Tuesday, August 02, 2011

52 Books: Book 33

It's been a while since I wrote a book post. It has not been from a lack of reading, the two books on my night stand both happened to be over 400 pages and Moby Dick has proven to be quite tedious at times. Hopefully I will wrap it up in the next week.

The other book in my possession was What the Dog Saw by Malcolm Gladwell. First off I have to say that I adore Gladwell's style of writing and his way of looking at the world. Tipping Point and Blink rocked my world and Outliers was good {though I didn't like it as much as these other three books}.

What the Dog Saw follows the same structure as the previous books, looking into the psychology and economics of why things are the way they are. It is my favorite way of looking at the world.

This book covers topics like: the collapse of Enron; the effect birth control has had on increasing the risk of cancer in women; what really constitutes plagiarism; can homelessness be solved by getting rid of soup kitchens and homeless shelters; and are pit bulls really dangerous… it really makes you think. 

I enjoyed every moment and I am sad that my journey with Gladwell is over.

Excerpts from the book:
...we associate the willingness to risk great failure – and the ability to climb back from catastrophe – with courage. But in this we are wrong... there is more courage and heroism in defying the human impulse, in taking purposeful and painful steps to prepare for the unimaginable.
The world is not the world it was. And some of the risks that go with the benefits of a woman getting educated and not getting pregnant all the time are breast cancer and ovarian cancer, and we need to deal with it.
Simply running soup kitchens and shelters allows the chronically homeless to remain chronically homeless.

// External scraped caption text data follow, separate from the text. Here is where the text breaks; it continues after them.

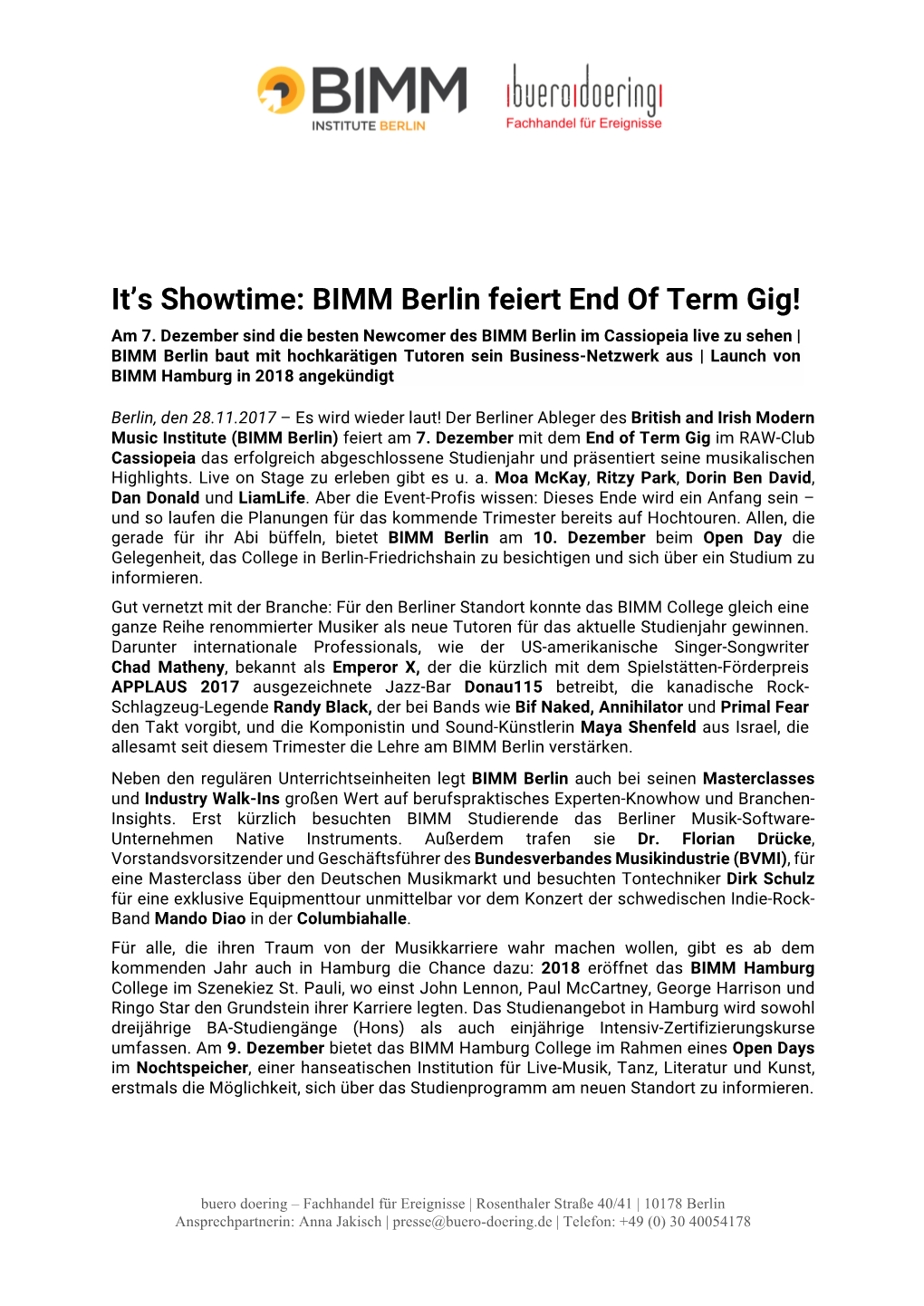 BIMM Berlin Feiert End of Term Gig!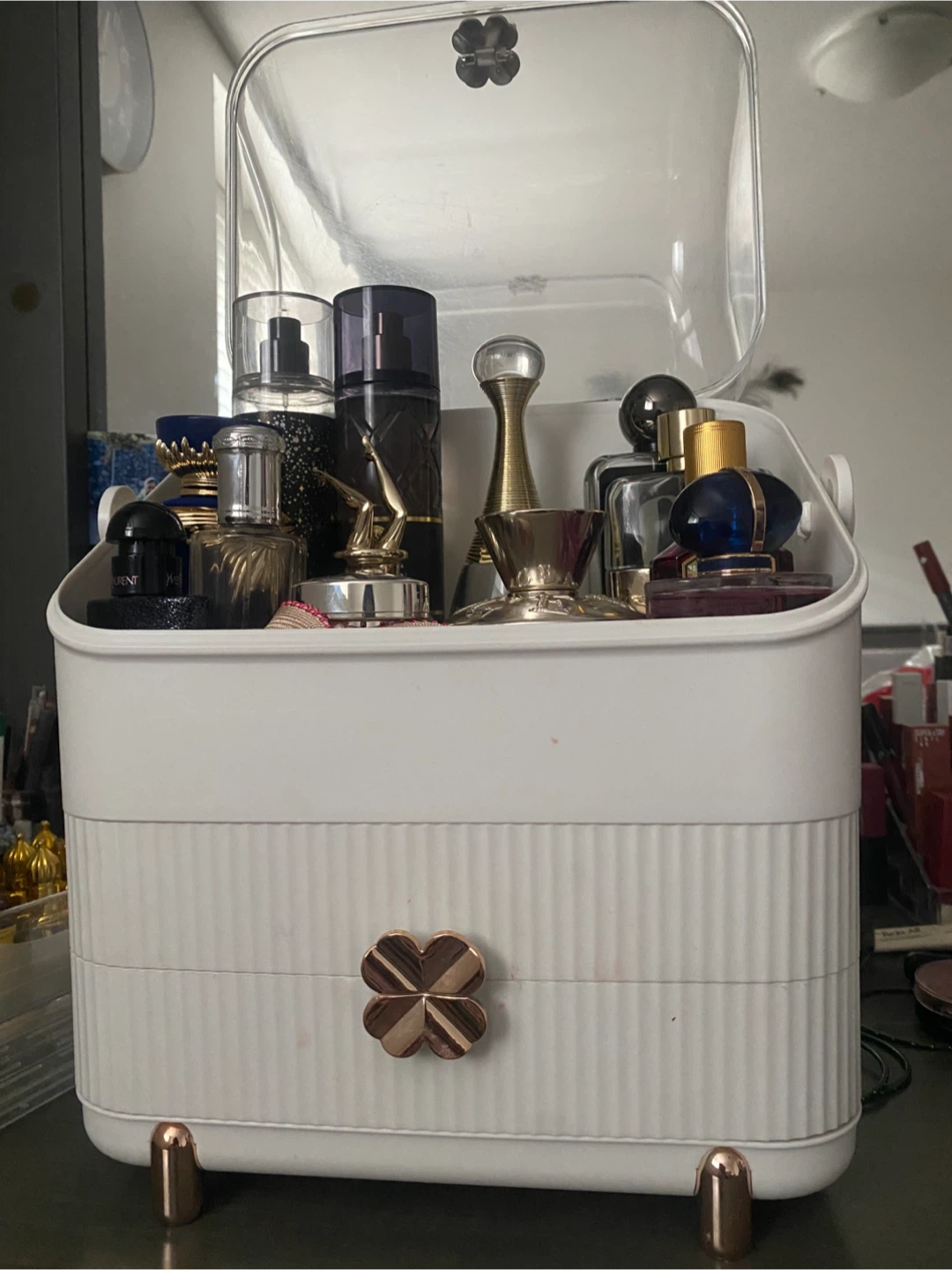 White Makeup Organizer with Drawers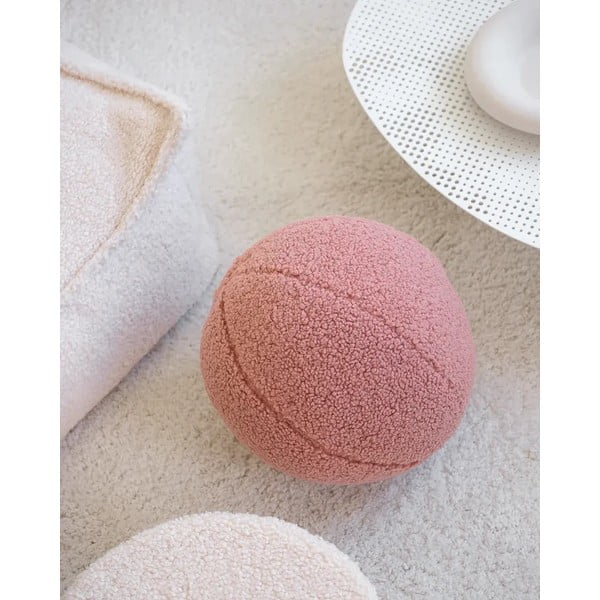 Розова детска възглавница за диван от букле Ball – Wigiwama-image-4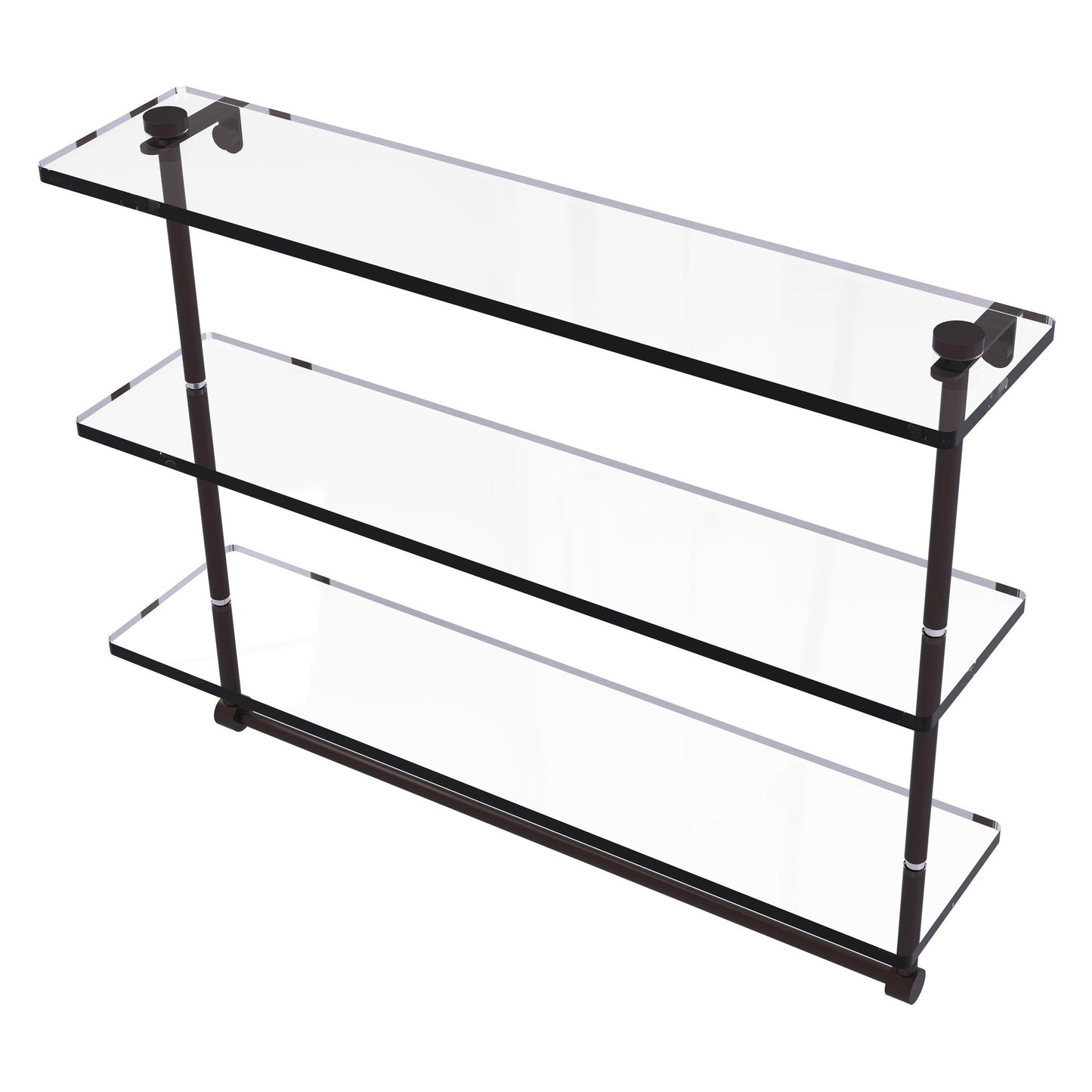 Allied Brass NS-5/22TB 22" x 5" Antique Bronze Solid Brass Triple-Tiered Glass Shelf With Integrated Towel Bar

Under copyright law, what matters is not that you copied someone else's work. What matters is what you copied, and how much you copied. Intellectual-property doctrine isn't a straightforward application of the ethical principle "Thou shalt not steal." At its core is the notion that there are certain situations where you can steal.

"creeping determinism" – the sense that grows on us, in retrospect, that what has happened was actually inevitable – and that the chief effect of creeping determinism is that it turns unexpected events into expected events.

In the real world, intelligence is invariably ambiguous. Information about enemy intentions tends to be short on detail. And information that is rich in detail tends to be short on intentions.

Making warning systems more sensitive reduces the risk of surprise, but increases the number of false alarms, which in turn reduces sensitivity.

...sometimes genius is anything rarefied; sometimes its just the thing that emerges after twenty years of working at your kitchen table.

What does it say about a society that it devotes more care and patience to the selection of those who handle its money than of those who handle its children?

The dogs that bite people are, in many cases, socially isolated because their owners are socially isolated, and they are vicious because they have owners who want a vicious dog.